California wanted to become a state like Pinocchio wanted to be a real boy, but it wanted to be a free state. The other free states were stoked about this, but it gave the slave states all kinds of heartburn because it would upset the delicate balance of free and slave states. So California just had to chill and wait while the "real" states got to decide its fate.

Texas was all frustrated because it thought its western border should be all the way over in Santa Fe, but New Mexico said, "No, that's ours," and people in both places were super grumpy about the whole thing.

The U.S. itself, fresh from its Mexican-American war victory, had a bunch of extra land on its hands that it wasn't one hundred percent sure what to do with, especially with the whole slavery debacle making waves all over the place.

And Washington, D.C., which was supposed to be a bastion of cool-headedness and reasoned political debate and stuff, had the largest slave trade in the whole United States.

Needless to say, tensions were high.

A Senatorial Oasis

Enter the 1850 United States Senate. Like an air-conditioned rest stop in the middle of the desert with clean restrooms and hot pizza, this group was a calming force in the face of coast-to-coast chaos.

Led by Henry Clay of Kentucky, John C. Calhoun of South Carolina, and Daniel Webster of Massachusetts, the Senate spent eight months trying to figure out how to, well…figure it all out.

In the end, they came up with five Acts, which mash together into one body of governmental awesomeness known as the Compromise of 1850.

Don't let the yawn-worthy title fool you; there's some amazing stuff going on in there.

First, California was allowed to enter the U.S. as a free state, making its stately debut (hey-o!) on September 9, 1850.

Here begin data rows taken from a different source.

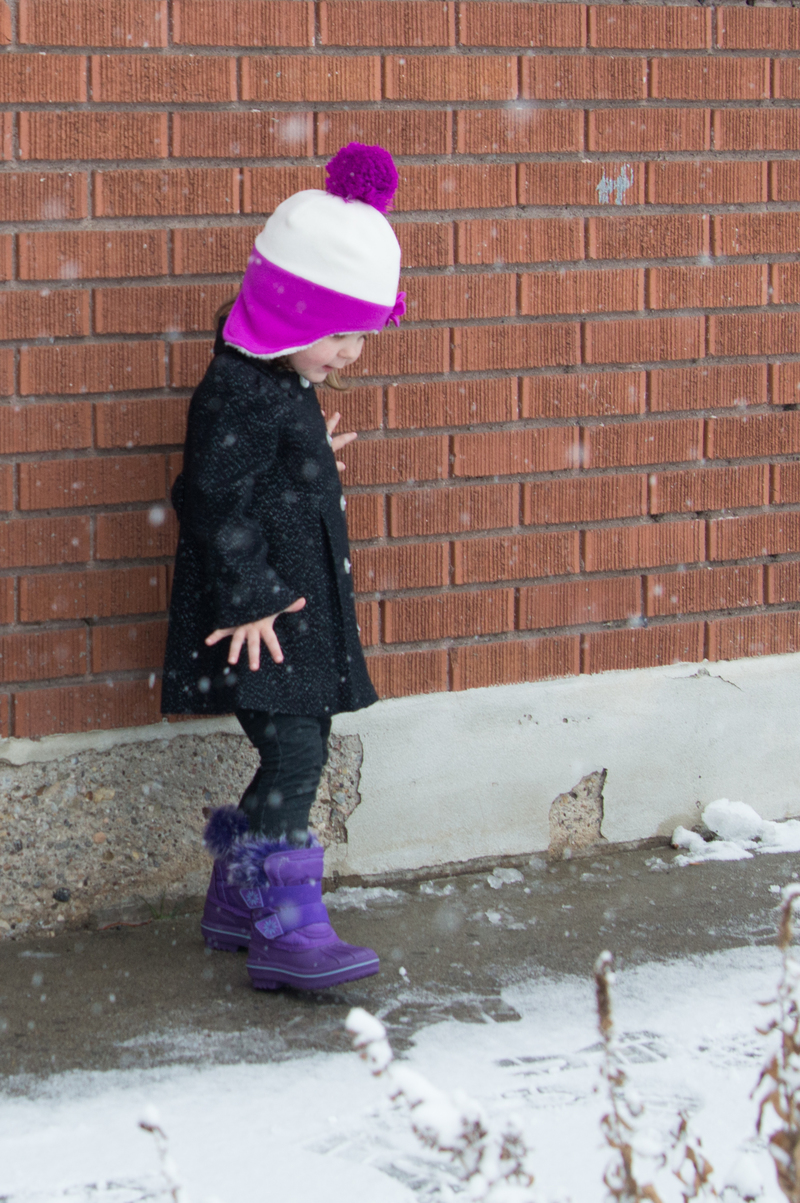 First Snow for Emily this year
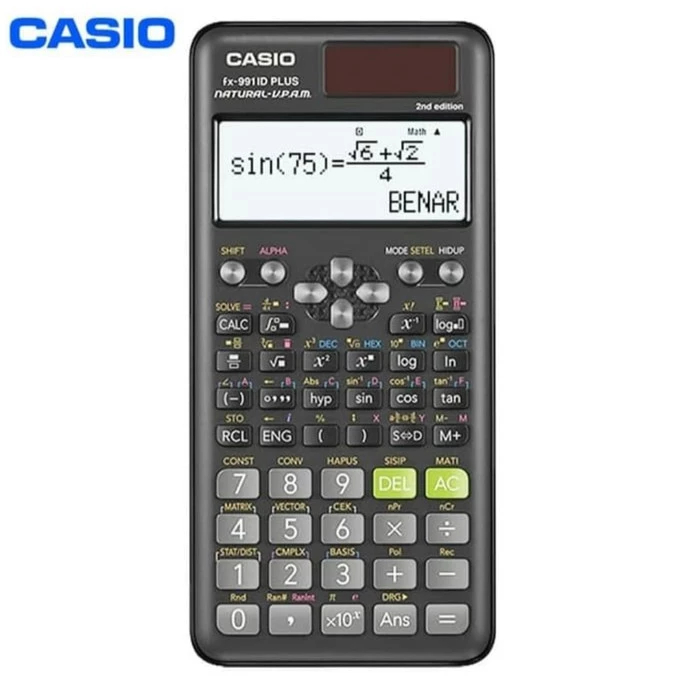 

Casio FX 991 ID Plus - Scientific Kalkulator Kuliah Sekolah FX-991ID PLUS garansi 1 tahun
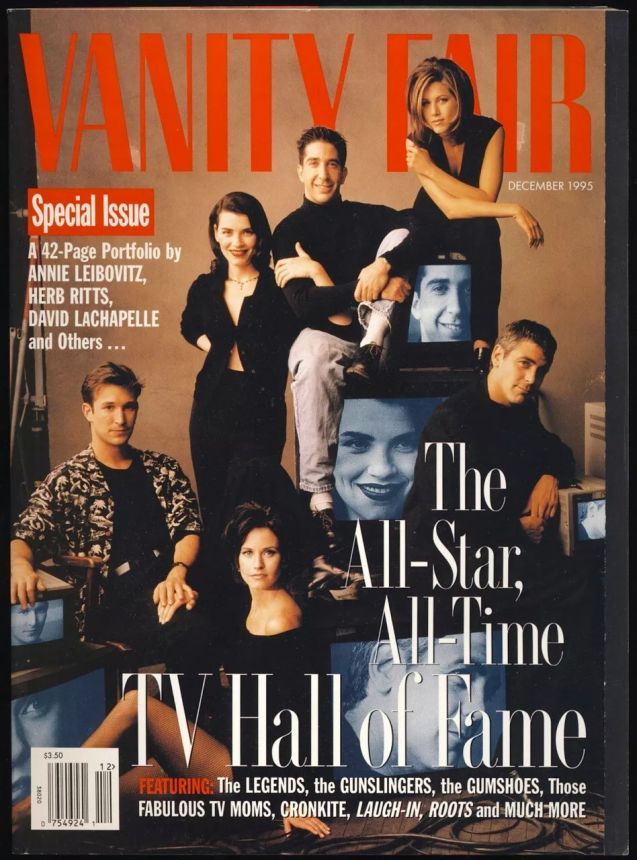 VANITY FAIR magazine side cover Issue 424 December 1995
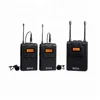 BY-WM8 UHF Dual-Channel Wireless Lavalier Microphone System for Interviews ENG/EFP DSLR Video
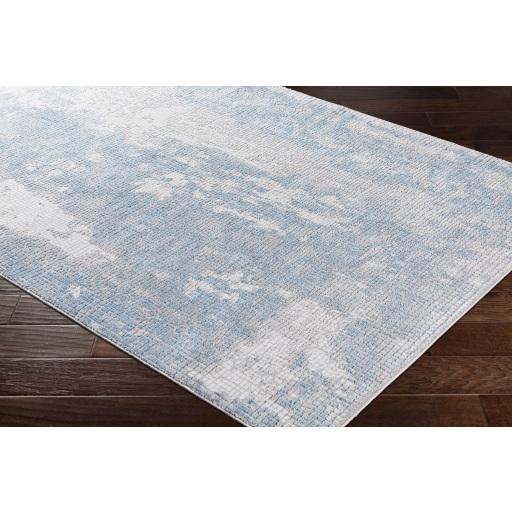 Surya Aisha AIS-2301 Gray Light Blue 10' x 14' Rug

To appease the slave states about the whole free California thing, the Fugitive Slave Act of 1793 was amended into the Fugitive Slave Act of 1850, and it basically now said that if a slave escaped to a free state, that state was obligated to help the slave's owner get him or her back, even though they didn't participate in the institution.

Texas didn't get its way with the whole Santa Fe thing, but it did get $10 mil from the U.S. Government to pay off its debts with Mexico.

The Territories of New Mexico and Utah were established, and slavery was outlawed in the nation's capital.

All in all, it was a pretty productive little legislative ensemble, and it led to a relative calm in America's family road trip storm…at least, until Kansas and Nebraska jumped into the fray and made the whole slavery situation explode all over again.

Not even Mom singing "Oops!... I Did It Again" could pacify the posse this time.

Blame It on the Train

To be fair, it wasn't really Kansas or Nebraska's fault that their newfound capital-T Territorial status caused such agita amongst the capital-S States of the Union.

Really, it was the transcontinental railroad that caused things to go down the way they did. That's right, it was the railroad's fault.

If blaming inanimate objects for the outbreak of the Civil War doesn't quite satisfy your intellectual need for truth, let us explain.

Back in the 1840s, all America really wanted for Christmas was a transcontinental railroad. Well, maybe that wasn't the only thing it wanted, but it was pretty high on the list.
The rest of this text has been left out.